Information about Ops running in TPC and Ops running in MME can be found using profiling. The detailed profiling instructions can be found in the Profiler User Guide.

## 8.3. Optimization in Training Platform¶

### 8.3.1. Ensure MPI Run Command Includes Core/Socket Binding/Mapping to the Right Number of Cores¶

--bind-to core --map-by socket:PE=7


This is to ensure CPU affinity is done correctly for your processes and core allocation is distributed as well. In this example, 7 cores are allocated for one process, which controls one Gaudi in the same socket as the 7 cores. The CPU affinity can improve performance not only for distributed training using multiple Gaudi devices in one server, but also for training using a single Gaudi device.

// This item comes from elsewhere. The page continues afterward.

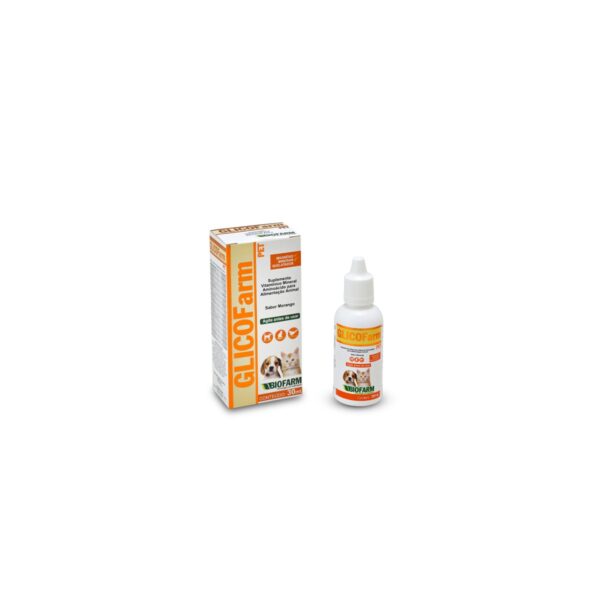 Glicofarm Pet 30 ml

This number can be calculated by using the number of CPU(s). the Thread(s) per core (these 2 numbers are from the command lscpu), and the number of Gaudi devices (for example 8 for Habana’s HLS-1, other servers may have 4 devices). In the below example, there are 112 CPU(s) and 2 Thread(s) per core, therefore, 112 / 2 / 8 = 7 cores per Gaudi.

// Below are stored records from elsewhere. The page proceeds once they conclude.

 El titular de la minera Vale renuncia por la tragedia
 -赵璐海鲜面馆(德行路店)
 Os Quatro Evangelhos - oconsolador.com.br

 \$ lscpu … CPU(s): 112 On-line CPU(s) list: 0-111 Thread(s) per core: 2 …

### 8.3.2. Set CPU Setting to Performance¶

The below is an example of setting the CPU to peformance for Ubuntu:

Get setting: “cat
/sys/devices/system/cpu/cpu*/cpufreq/scaling_governor”

Set setting: “echo performance \| sudo tee
/sys/devices/system/cpu/cpu*/cpufreq/scaling_governor”

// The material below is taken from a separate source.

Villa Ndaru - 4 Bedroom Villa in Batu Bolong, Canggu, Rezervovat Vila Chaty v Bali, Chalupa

### 8.3.3. Use Low Latency Kernel¶

There is a 15-20% performance drop on generic kernel in case of BERT, compared with low latency kernel (5.4.0-72-lowlatency), for example, in Ubuntu 18.04. You can use the command line below to install low latency kernel:

sudo apt install linux-lowlatency-hwe-18.04


### 8.3.4. Ensure FW/SW Packages/BMC/CPLD are the Latest¶

Refer to Check Habana Package Installation for no Docker to check for the latest FW/SW Packages/BMC/CPLD versions and make sure they are installed properly.

### 8.3.5. Ensure Docker Run Command Used is the Latest¶

Refer to Run Docker Command to make sure docker run command is installed accordingly.

### 8.3.7. Ensure Gaudi Card Frequency is Set Correctly¶

Refer to Gaudi Clock Freq to check Gaudi card frequency using hl-smi.

### 8.3.8. Ensure Dataset/Model Code/Output are Placed on High Performing Hard Drive (NVME/SSD)¶

For best performance, use NVME for all datasets, model code, and output locations when running the training.

### 8.3.9. Ensure Network ifs for Habana Cards Have Static IP¶

Set the Habana card ifs to have static IPs by running the below command:

./manage_network_ifs.sh --set-ip


For further details, refer to manage_network_ifs.sh.